Natalie Wild is a freshman at U-32. She was in her living room the first day of school shutdowns when her parents told her that the Cornerstone Pub And Kitchen, the restaurant in Barre where they both worked, was temporarily closing due to COVID-19. They only had a few days left to work before they would lose their jobs for the foreseeable future.
“I was kind of concerned at first,” she said, “because I was listening to them talk and they were applying for unemployment.” Her parents had initially planned to look for other jobs but decided against it because of the “Stay Home, Stay Safe” order, which directs all Vermonters to stay at home if at all possible. Natalie said that her concerns were alleviated when she heard about the stimulus checks the federal government was sending.
Natalie isn’t worried about getting sick herself, but she is worried about other people.
“I am worried for my mom because she has a weaker immune system,” she said, “and I am worried about my grandparents getting sick because the virus is harder on older people.”
The restaurant told its employees to come and take all of the perishable food so it wouldn’t go to waste. Natalie’s parents took her to the basement of the Cornerstone to help them take food home.
“There were quite a few of us down there,” she said, “They gave each of us boxes, and told us to stock up on what we needed or what we wanted.”

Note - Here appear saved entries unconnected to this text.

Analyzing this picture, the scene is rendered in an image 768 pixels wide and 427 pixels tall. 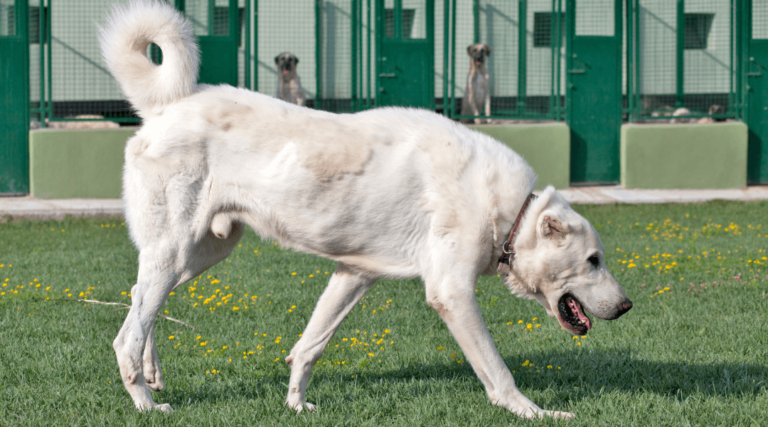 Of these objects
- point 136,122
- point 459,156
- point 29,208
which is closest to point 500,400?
point 459,156

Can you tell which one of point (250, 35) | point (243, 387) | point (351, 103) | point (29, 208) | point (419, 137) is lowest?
point (243, 387)

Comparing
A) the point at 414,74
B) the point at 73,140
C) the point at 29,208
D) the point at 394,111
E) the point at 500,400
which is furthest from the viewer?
the point at 414,74

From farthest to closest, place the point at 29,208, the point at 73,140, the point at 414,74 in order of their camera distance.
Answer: the point at 414,74
the point at 73,140
the point at 29,208

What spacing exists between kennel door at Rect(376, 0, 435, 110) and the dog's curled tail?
8908mm

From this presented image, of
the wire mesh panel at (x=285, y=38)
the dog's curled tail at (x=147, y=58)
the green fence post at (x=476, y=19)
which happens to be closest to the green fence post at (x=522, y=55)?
the green fence post at (x=476, y=19)

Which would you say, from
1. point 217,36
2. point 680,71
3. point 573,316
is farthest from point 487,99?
point 573,316

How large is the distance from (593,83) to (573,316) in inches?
391

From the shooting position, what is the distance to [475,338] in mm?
3826

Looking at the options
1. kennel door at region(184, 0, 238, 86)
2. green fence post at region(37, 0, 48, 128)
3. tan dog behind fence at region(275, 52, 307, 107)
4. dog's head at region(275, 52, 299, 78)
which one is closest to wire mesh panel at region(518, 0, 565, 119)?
tan dog behind fence at region(275, 52, 307, 107)

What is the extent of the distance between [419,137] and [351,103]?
9390 mm

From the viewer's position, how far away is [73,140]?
11875 mm

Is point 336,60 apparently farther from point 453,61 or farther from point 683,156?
point 683,156

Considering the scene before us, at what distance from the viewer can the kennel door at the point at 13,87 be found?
11773mm

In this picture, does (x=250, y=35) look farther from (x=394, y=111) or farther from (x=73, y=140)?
(x=394, y=111) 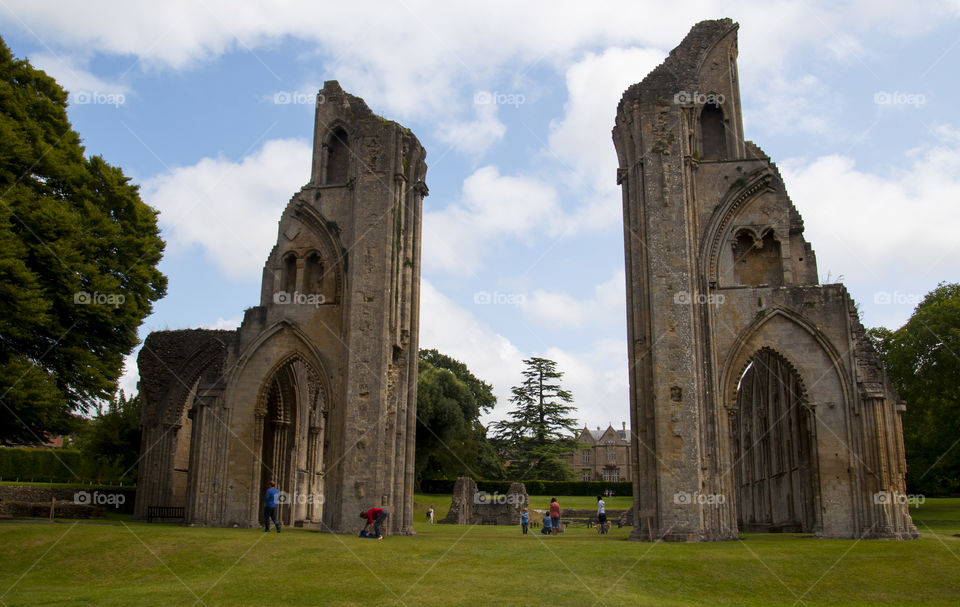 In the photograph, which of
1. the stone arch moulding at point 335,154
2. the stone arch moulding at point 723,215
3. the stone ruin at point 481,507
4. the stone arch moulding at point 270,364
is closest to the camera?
the stone arch moulding at point 723,215

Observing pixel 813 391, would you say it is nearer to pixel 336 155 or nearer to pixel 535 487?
pixel 336 155

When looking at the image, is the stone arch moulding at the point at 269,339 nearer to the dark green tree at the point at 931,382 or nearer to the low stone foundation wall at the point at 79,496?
the low stone foundation wall at the point at 79,496

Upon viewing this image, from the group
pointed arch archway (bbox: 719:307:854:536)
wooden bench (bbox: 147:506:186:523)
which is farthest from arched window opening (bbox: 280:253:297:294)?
pointed arch archway (bbox: 719:307:854:536)

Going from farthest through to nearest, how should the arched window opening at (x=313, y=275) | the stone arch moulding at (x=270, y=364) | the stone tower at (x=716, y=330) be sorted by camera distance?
the arched window opening at (x=313, y=275), the stone arch moulding at (x=270, y=364), the stone tower at (x=716, y=330)

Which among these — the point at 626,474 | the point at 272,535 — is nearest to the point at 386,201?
the point at 272,535

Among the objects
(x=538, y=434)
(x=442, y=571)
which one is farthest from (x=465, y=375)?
(x=442, y=571)

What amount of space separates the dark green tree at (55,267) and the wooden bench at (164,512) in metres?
6.08

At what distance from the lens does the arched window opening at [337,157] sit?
25969mm

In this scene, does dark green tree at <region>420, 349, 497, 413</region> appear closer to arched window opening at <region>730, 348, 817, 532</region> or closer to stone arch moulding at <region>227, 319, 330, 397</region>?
arched window opening at <region>730, 348, 817, 532</region>

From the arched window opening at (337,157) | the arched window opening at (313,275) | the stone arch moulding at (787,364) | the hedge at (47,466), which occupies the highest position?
the arched window opening at (337,157)

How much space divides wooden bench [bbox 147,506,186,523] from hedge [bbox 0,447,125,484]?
1501 centimetres

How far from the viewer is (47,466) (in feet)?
141

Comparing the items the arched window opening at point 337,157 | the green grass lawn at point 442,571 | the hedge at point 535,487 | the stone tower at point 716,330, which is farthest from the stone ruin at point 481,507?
the green grass lawn at point 442,571

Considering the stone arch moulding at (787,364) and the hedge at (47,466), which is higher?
the stone arch moulding at (787,364) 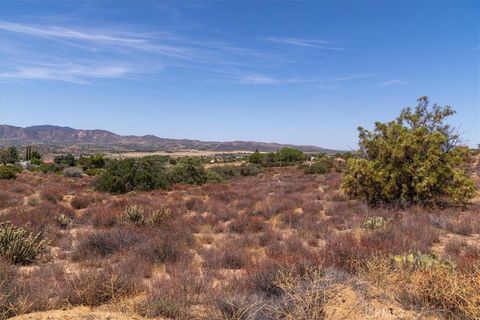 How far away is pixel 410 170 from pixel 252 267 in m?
8.91

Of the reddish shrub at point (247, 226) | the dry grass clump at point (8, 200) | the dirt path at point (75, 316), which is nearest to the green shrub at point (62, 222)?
the reddish shrub at point (247, 226)

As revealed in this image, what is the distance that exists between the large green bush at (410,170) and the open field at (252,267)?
897 millimetres

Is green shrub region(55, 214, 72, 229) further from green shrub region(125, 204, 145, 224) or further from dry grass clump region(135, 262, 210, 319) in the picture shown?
dry grass clump region(135, 262, 210, 319)

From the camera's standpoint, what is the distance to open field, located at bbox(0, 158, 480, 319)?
15.6ft

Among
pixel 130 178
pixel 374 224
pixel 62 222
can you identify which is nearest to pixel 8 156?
pixel 130 178

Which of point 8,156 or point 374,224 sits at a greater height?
point 374,224

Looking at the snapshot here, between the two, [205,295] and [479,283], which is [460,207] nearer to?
[479,283]

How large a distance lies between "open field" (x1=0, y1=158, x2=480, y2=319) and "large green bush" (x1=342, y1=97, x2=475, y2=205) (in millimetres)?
897

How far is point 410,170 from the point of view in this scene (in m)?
13.5

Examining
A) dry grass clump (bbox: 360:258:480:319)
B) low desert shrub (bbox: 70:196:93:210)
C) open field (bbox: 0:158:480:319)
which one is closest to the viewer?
dry grass clump (bbox: 360:258:480:319)

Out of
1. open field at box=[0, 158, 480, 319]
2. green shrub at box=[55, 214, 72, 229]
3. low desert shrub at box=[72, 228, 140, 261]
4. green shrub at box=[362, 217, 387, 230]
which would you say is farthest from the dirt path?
green shrub at box=[55, 214, 72, 229]

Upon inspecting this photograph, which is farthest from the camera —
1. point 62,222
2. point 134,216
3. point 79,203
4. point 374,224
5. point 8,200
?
point 8,200

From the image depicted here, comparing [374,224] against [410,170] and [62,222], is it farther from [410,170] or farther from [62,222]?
[62,222]

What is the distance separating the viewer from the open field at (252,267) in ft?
15.6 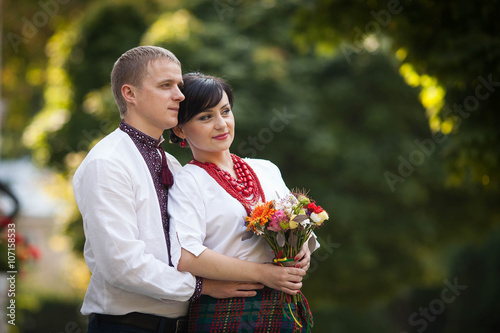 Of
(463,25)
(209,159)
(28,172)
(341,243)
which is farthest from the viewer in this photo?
(28,172)

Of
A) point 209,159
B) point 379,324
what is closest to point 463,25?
point 209,159

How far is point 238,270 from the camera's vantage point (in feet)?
9.62

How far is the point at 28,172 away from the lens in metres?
22.9

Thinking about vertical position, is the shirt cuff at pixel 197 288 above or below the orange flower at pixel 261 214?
below

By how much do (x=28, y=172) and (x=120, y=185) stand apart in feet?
70.7

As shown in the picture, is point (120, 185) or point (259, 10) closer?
point (120, 185)

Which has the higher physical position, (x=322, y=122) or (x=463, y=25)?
(x=463, y=25)

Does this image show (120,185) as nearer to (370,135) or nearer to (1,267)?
(1,267)

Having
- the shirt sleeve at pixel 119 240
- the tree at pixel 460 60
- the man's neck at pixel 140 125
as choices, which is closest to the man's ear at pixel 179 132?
the man's neck at pixel 140 125

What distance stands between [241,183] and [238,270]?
0.51m

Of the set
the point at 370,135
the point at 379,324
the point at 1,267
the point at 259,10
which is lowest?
the point at 379,324

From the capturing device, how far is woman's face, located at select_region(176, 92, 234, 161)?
124 inches

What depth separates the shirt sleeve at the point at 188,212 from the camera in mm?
2873

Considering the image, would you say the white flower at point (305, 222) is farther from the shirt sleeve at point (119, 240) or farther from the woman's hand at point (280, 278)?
the shirt sleeve at point (119, 240) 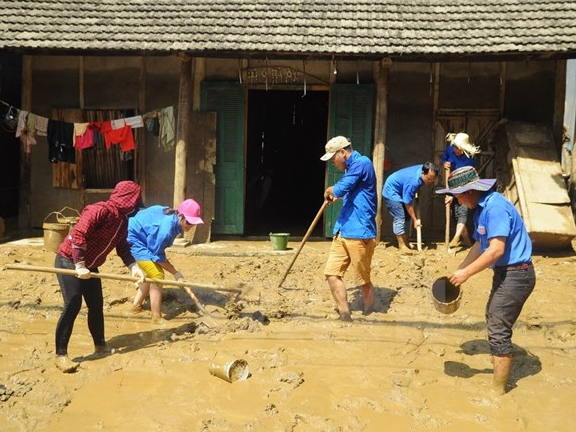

They filled their boxes with all of the food that they needed, and since they were planning on staying home for a while, they went to stock up on other things. She said that she saw a lot of people shopping, but made sure to maintain a safe distance.
Then, fully prepared to stay at home as much as possible, they headed back.
“My dad took me to Aubuchon’s to get planting soil” she said, “so we could be ready to plant in the spring.”